Badan Legislasi (Baleg) DPR RI membahas harmonisasi 15 Rancangan Undang-Undang (RUU) tentang kabupaten/kota di Provinsi Kalimantan Barat, Kalimantan Selatan, dan Kalimantan Tengah dalam Rapat Panitia Kerja (Panja) Pengharmonisasian, Pembulatan, dan Pemantapan Konsepsi di Gedung Nusantara I DPR RI, Senayan, Jakarta, Senin (8/6/2026).
Ketua Baleg DPR RI, Bob Hasan, menjelaskan berdasarkan hasil kajian tim ahli, terdapat sembilan RUU kabupaten/kota yang dinyatakan telah sesuai dan tidak memerlukan catatan maupun koreksi lebih lanjut. Kesembilan daerah tersebut adalah Kabupaten Kapuas Hulu, Mempawah, Sambas, Sanggau, Ketapang, Kapuas, Barito Selatan, Kotawaringin Timur, dan Kotawaringin Barat.
“Berdasarkan hasil kajian tim ahli yang telah dipaparkan sebelumnya, terdapat sembilan kabupaten/kota yang sudah sesuai tanpa catatan. Untuk itu kami meminta persetujuan pimpinan dan anggota Panja untuk menyetujui sembilan RUU kabupaten/kota yang tidak memiliki catatan,” ujar Bob Hasan saat memimpin rapat.

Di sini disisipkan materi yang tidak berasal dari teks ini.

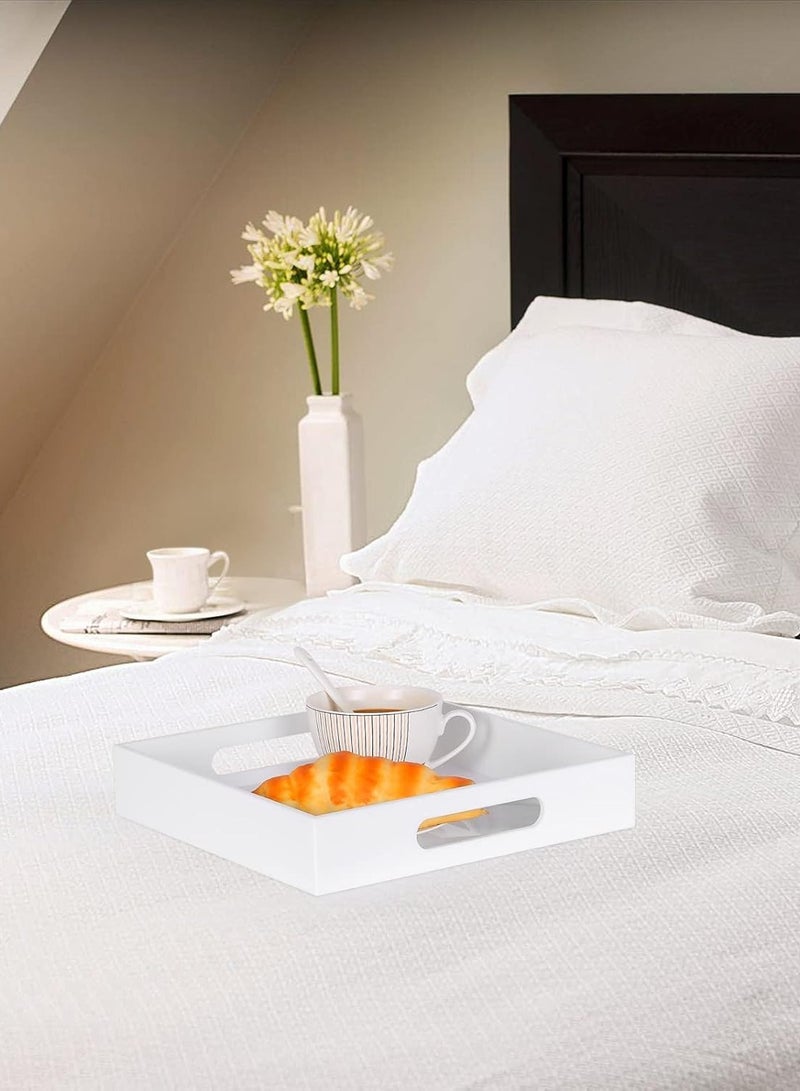 TPGP White Acrylic Ottoman Tray with Handles 12x12x2 Inch Spill Proof Serving Tray Safe Edge Organizer Tray Decorative Tray for Living Room Bedroom Kitchen Bathroom Coffee Table Countertop - Image 5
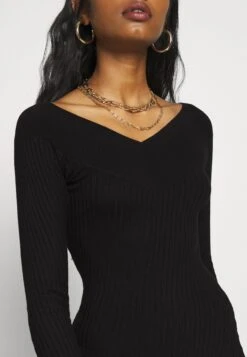 V Ausschnitt Ripp Mini Bodycon Strickkleid - Etui-Jurk - Black -Even&Odd 3c3e46963b93497d9bf0fec0cb03fd50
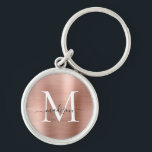 Roze Rose Gold Borhed Metal Monogram Girly Script Sleutelhanger<br><div class="desc">Roze roze roodbruin metalen monogram Sleutelhanger van het meisjesmodel</div>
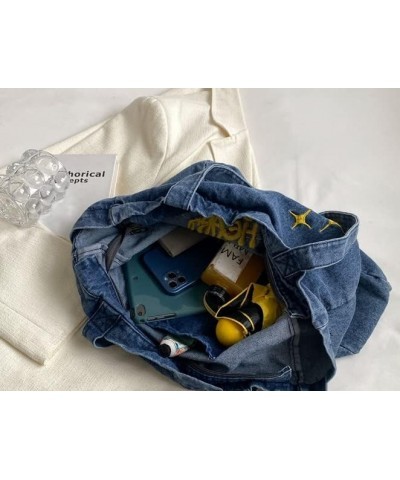 Y2k Aesthetic Tote Bag Aesthetic Y2k Accessories Y2k Bag Y2k Purse Denim Tote Bag Jean Bag Grunge Bag (Blakc) Blakc $15.43 Totes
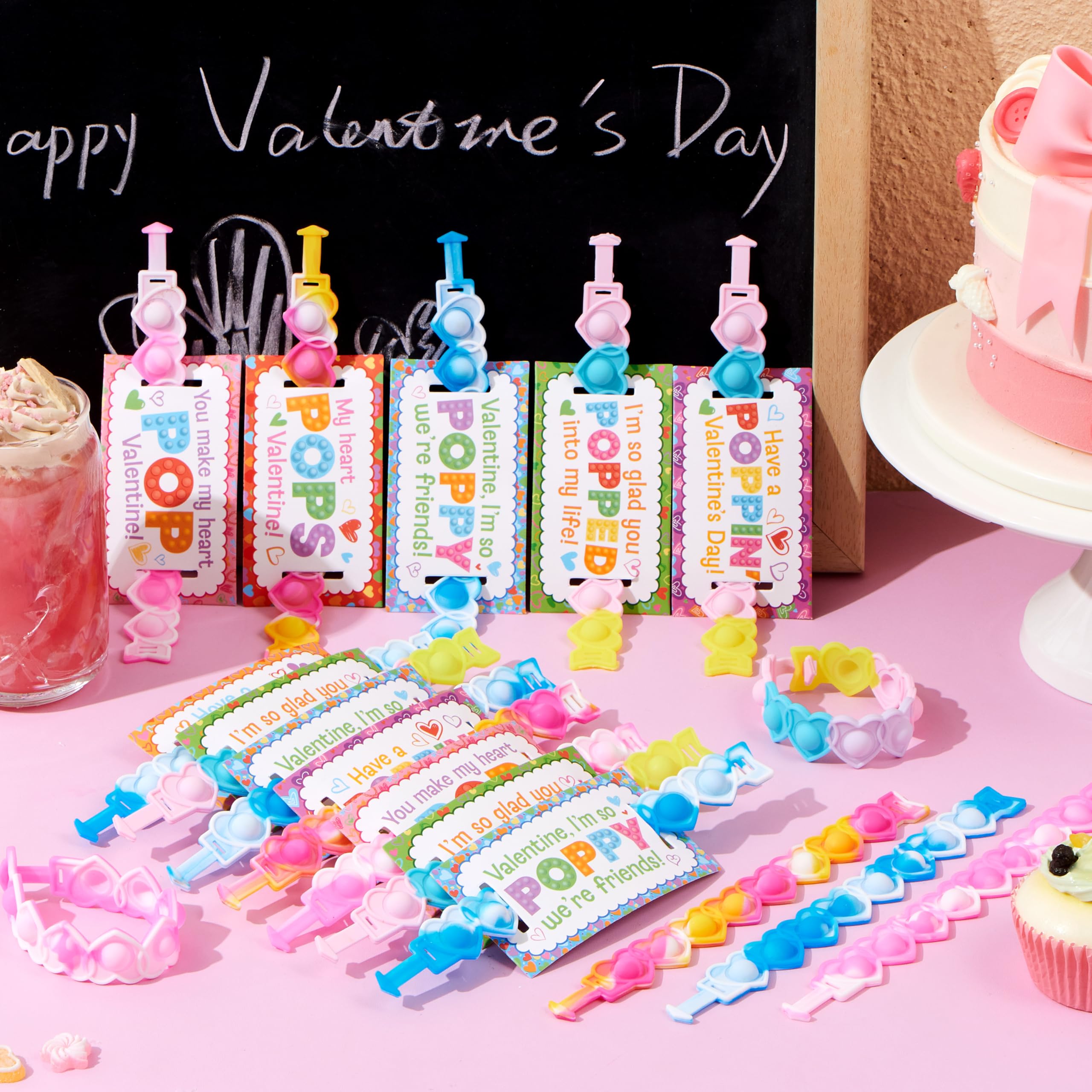 JOYIN 28 PCS Valentine's Day Gifts Cards with Heart Pop Fidget Bracelets, Stress Relief Pop Bubble Fidget Toys for Kids Girls Boys Valentines Classroom School Exchange Gifts, Party Favor Prizes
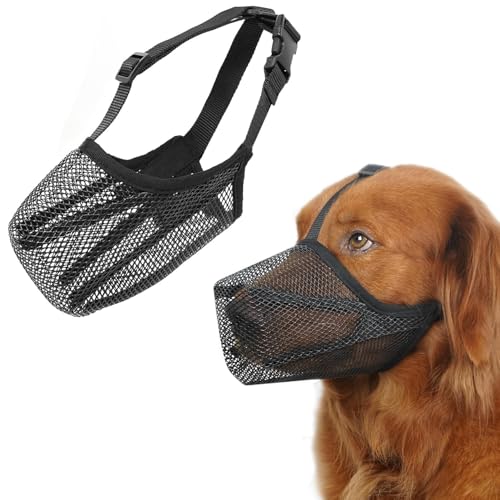 Maulkorb für Hunde, Maulkorb Hund mit Abgerundetem Mesh und Verstellbare Schlaufe, Verstellbarer Hundemaulkorb für Kleine Mittelgroße und Große,Verhindert Das BeißEn,Kauen (XL) von BUKYCAT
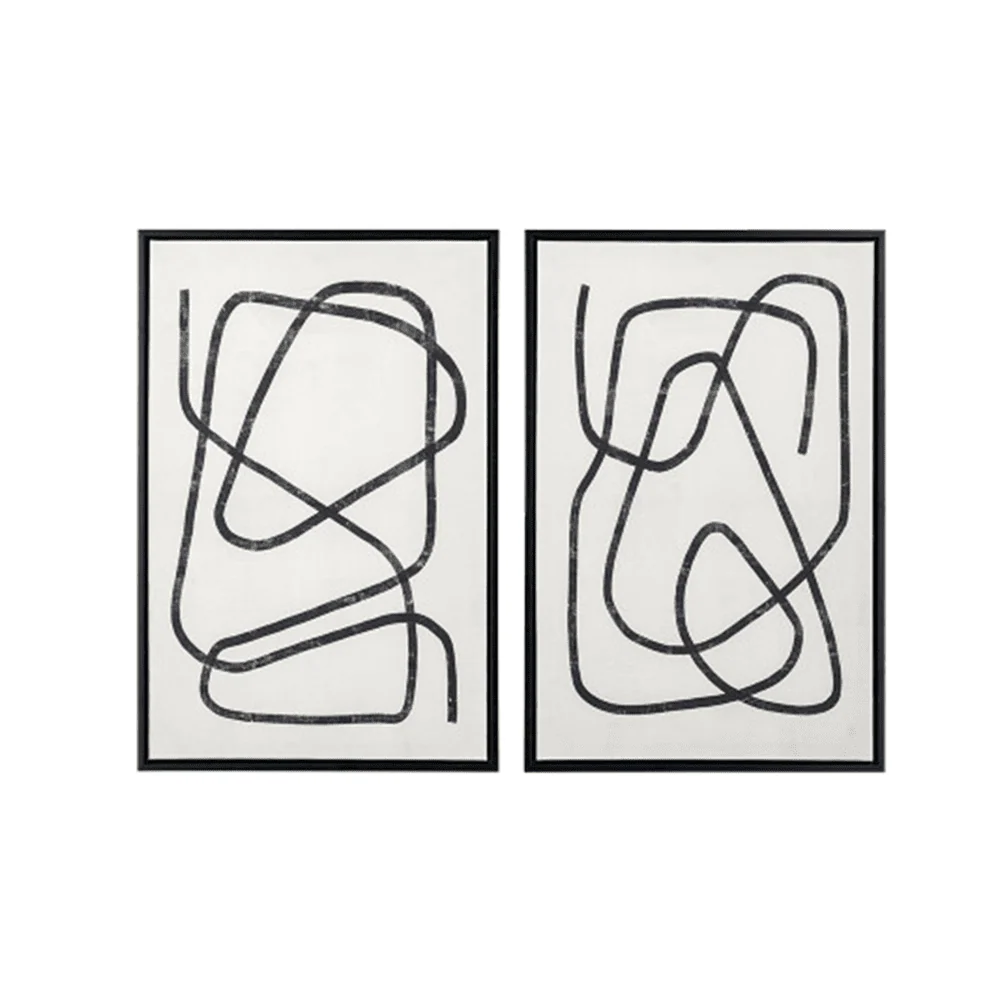 Robyn Black Squiggle Framed Canvas Wall Art - Set of 2 - Image 2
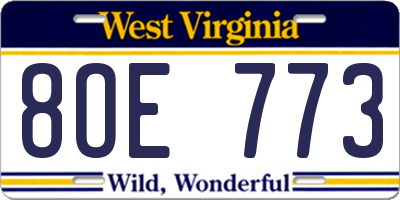 WV license plate 8OE773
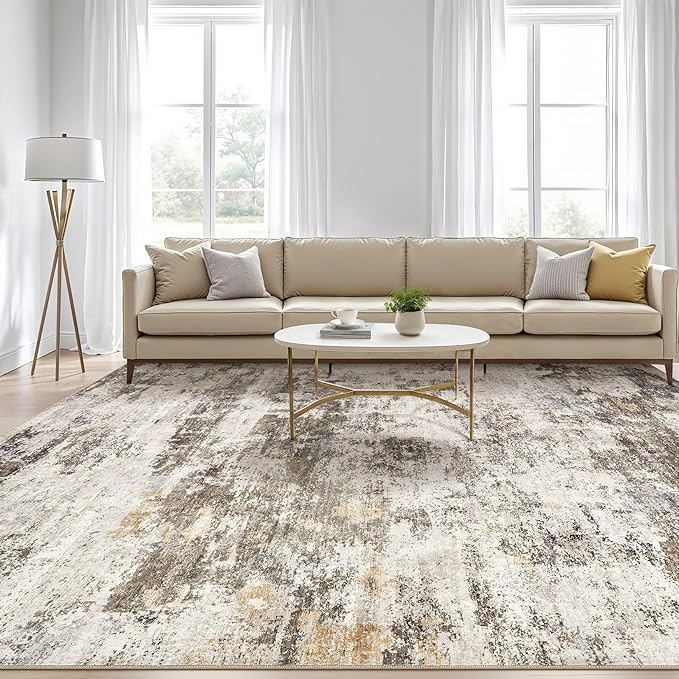 8x10 Area Rugs Living Room: Washable Large Abstract Neutral Modern Soft Rug Stain Resistant Indoor Floor Non-Slip Accent Carpet for Bedroom Nursery Playroom Dining Room Office Dorm Home- Brown Yellow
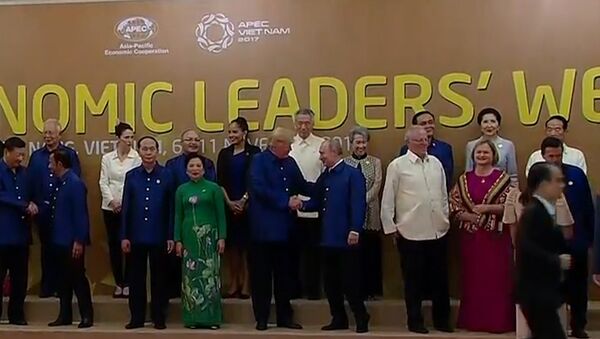 Putinas ir Trampas paspaudė vienas kitam rankas APEC aukščiausiojo lygio susitikime - Sputnik Lietuva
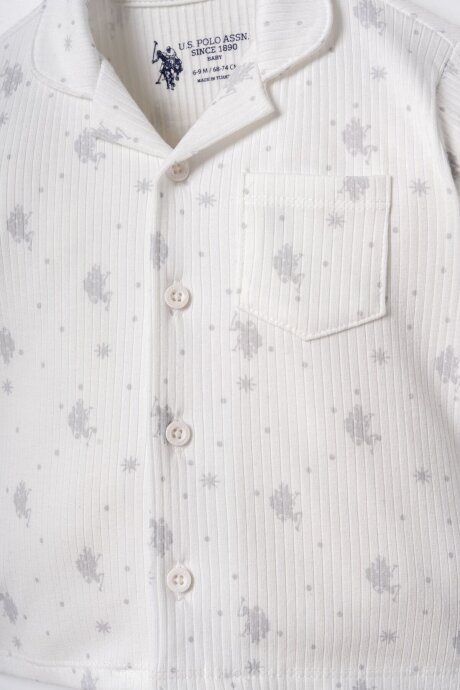 U.S. Polo Assn. Erkek Bebek %100 Pamuk Desenli Beyaz Gömlek Pijama Takımı USB3111-C-V1 - 2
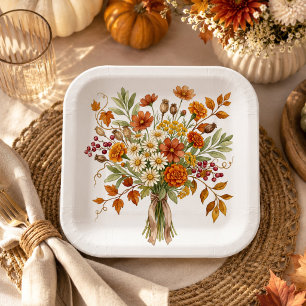 Herfst Thanksgiving-vergaderingen Herfstbloemen Papieren Bordje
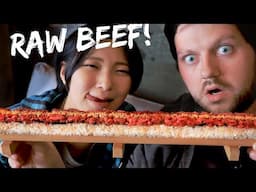 Raw Wagyu Beef Sushi and Korean Street food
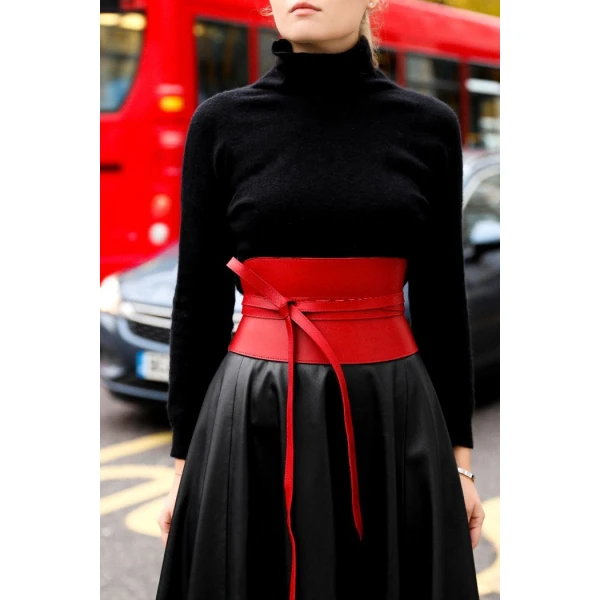 Corset Rebel Red Leather Belt Accessories British designer Luxury Shoes 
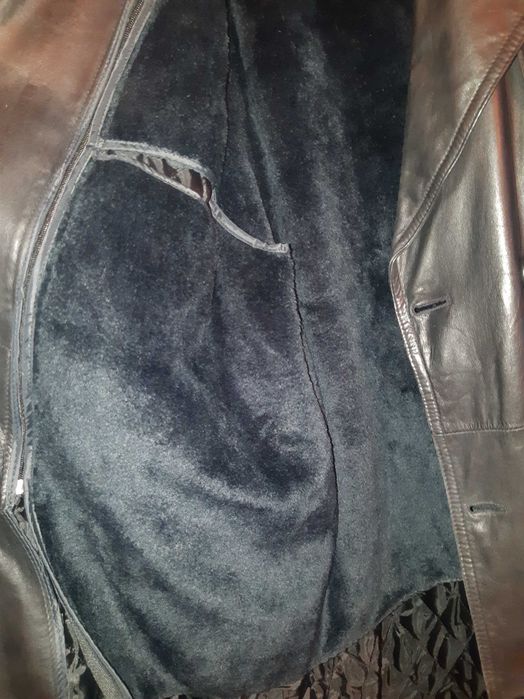 Кожаный плащ мужской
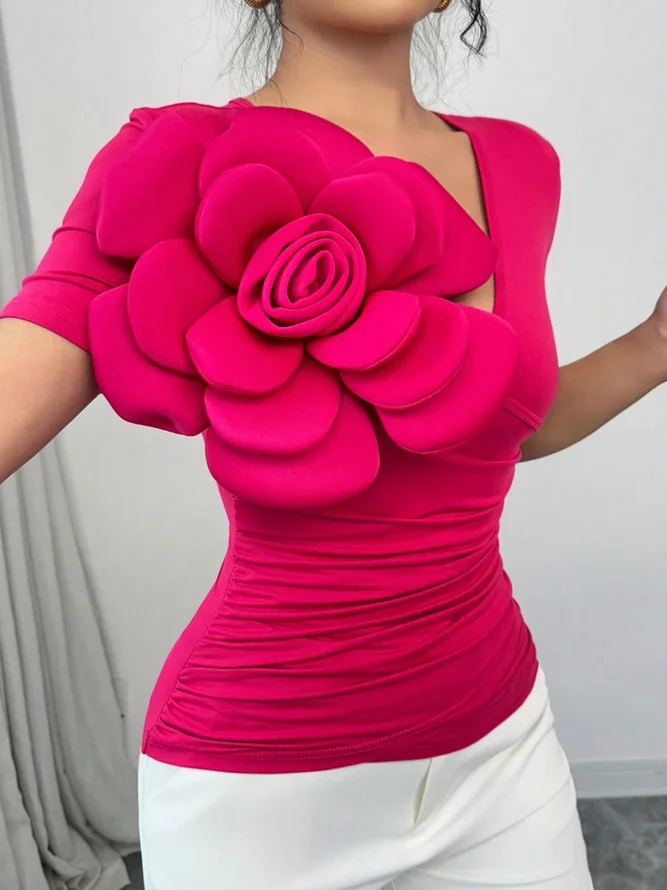 Urban Slim Fit 3D Floral V Neck T-shirt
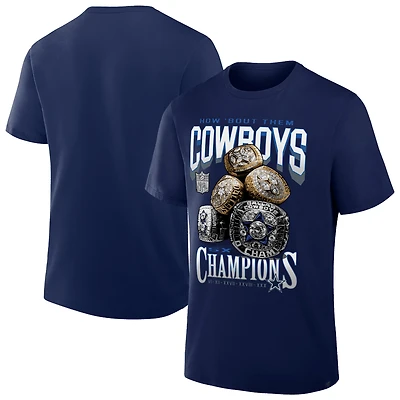 Men's Dallas Cowboys Merchandise  Navy Rings T-Shirt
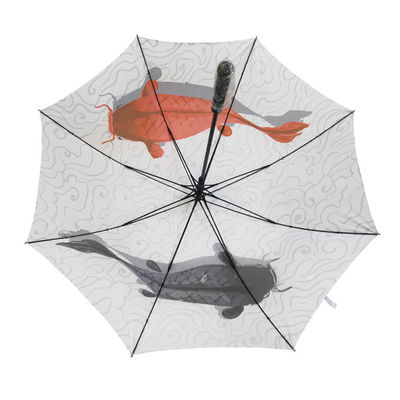 防風の大きい傘27インチの金属シャフトの繭紬の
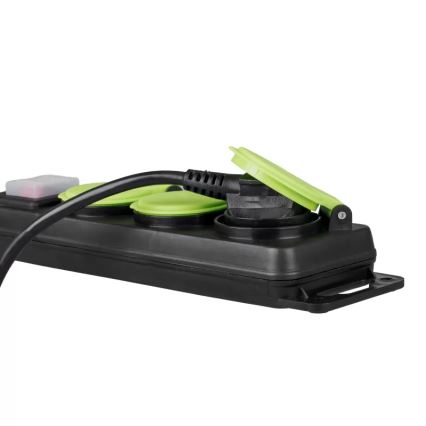 Cable de extensión con interruptor, 3 enchufes, 10 m, IP44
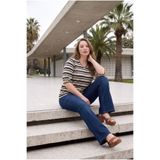 Stil Diva Büyük Beden Volanlı Kol Çizgili Triko Bluz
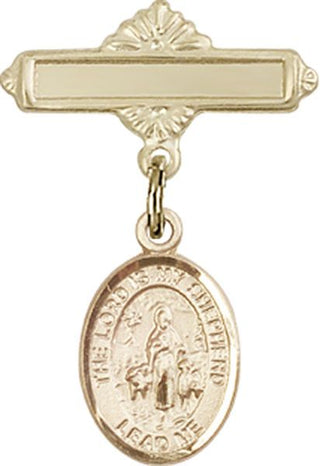 14kt Gold Filled Polished Badge Pin Lord Is My Shepherd Baby Badge - Engravable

Pejuang Politik Gerindra itu menjelaskan, status “tanpa catatan” diberikan karena tidak terdapat klaim maupun sanggahan yang muncul selama proses penyusunan dan harmonisasi rancangan undang-undang tersebut.
Sementara itu, enam RUU lainnya masih memerlukan pembahasan lanjutan karena terdapat sejumlah koreksi dan masukan yang perlu disempurnakan. Keenam RUU tersebut meliputi Kabupaten Sintang dan Kota Pontianak di Kalimantan Barat, Kabupaten Barito Utara di Kalimantan Tengah, serta Kabupaten Hulu Sungai Utara, Hulu Sungai Selatan, dan Hulu Sungai Tengah di Kalimantan Selatan.
Menurut Bob Hasan, penyempurnaan terhadap enam RUU tersebut akan dilakukan melalui pembahasan matriks persandingan yang memuat berbagai catatan hasil analisis tim ahli.
“Yang masih ada koreksi tentunya membutuhkan persetujuan dalam bentuk matriks persandingan. Oleh karena itu, kepada tim ahli diminta untuk memaparkan hasil analisis dan penyempurnaannya,” katanya.
Melalui proses harmonisasi ini, Baleg DPR RI berharap seluruh RUU kabupaten/kota yang dibahas dapat memiliki substansi yang lebih kuat, selaras dengan peraturan perundang-undangan yang berlaku, serta memberikan kepastian hukum dalam penyelenggaraan pemerintahan daerah.